Print the line containing "プロシード大阪NB3の間取り", then every line after it through the end of the material, exactly as written and without pictures.

= Source material =

+===+

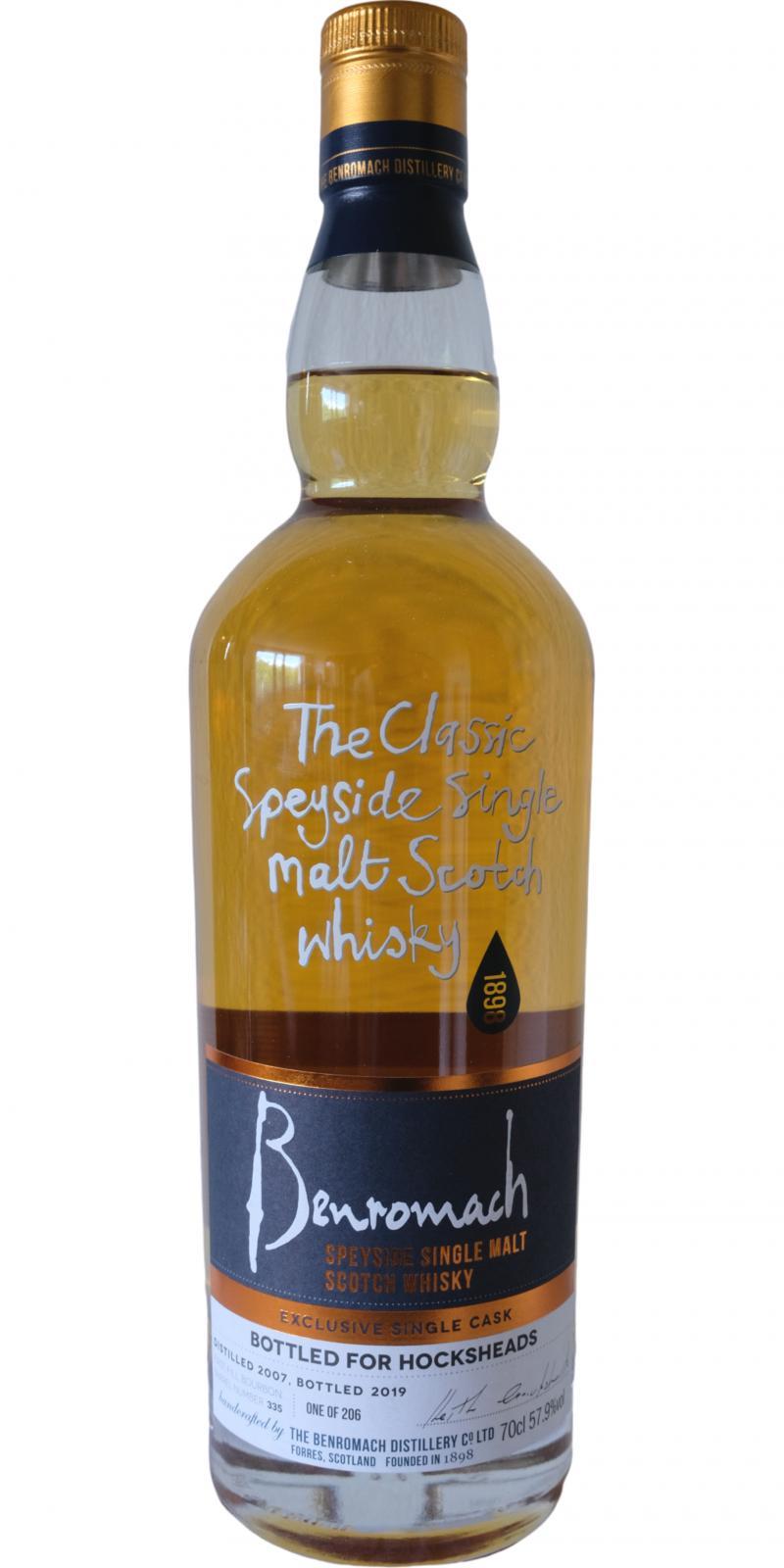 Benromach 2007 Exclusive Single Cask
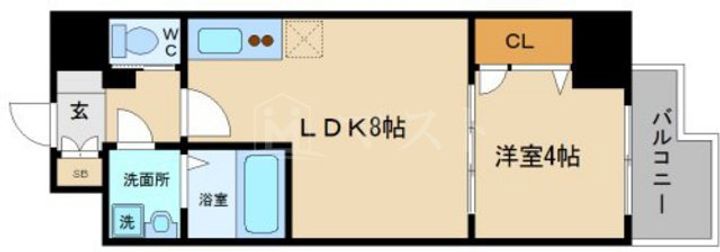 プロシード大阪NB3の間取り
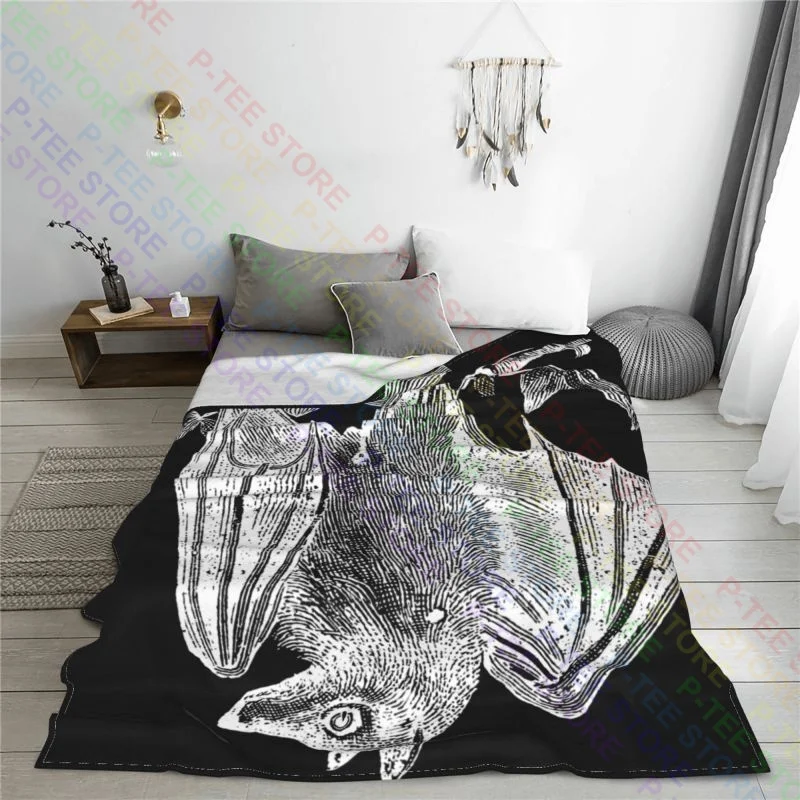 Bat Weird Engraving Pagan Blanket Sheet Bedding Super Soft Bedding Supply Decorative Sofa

+===+

= Exercise response =
 プロシード大阪NB3の間取り
 Bat Weird Engraving Pagan Blanket Sheet Bedding Super Soft Bedding Supply Decorative Sofa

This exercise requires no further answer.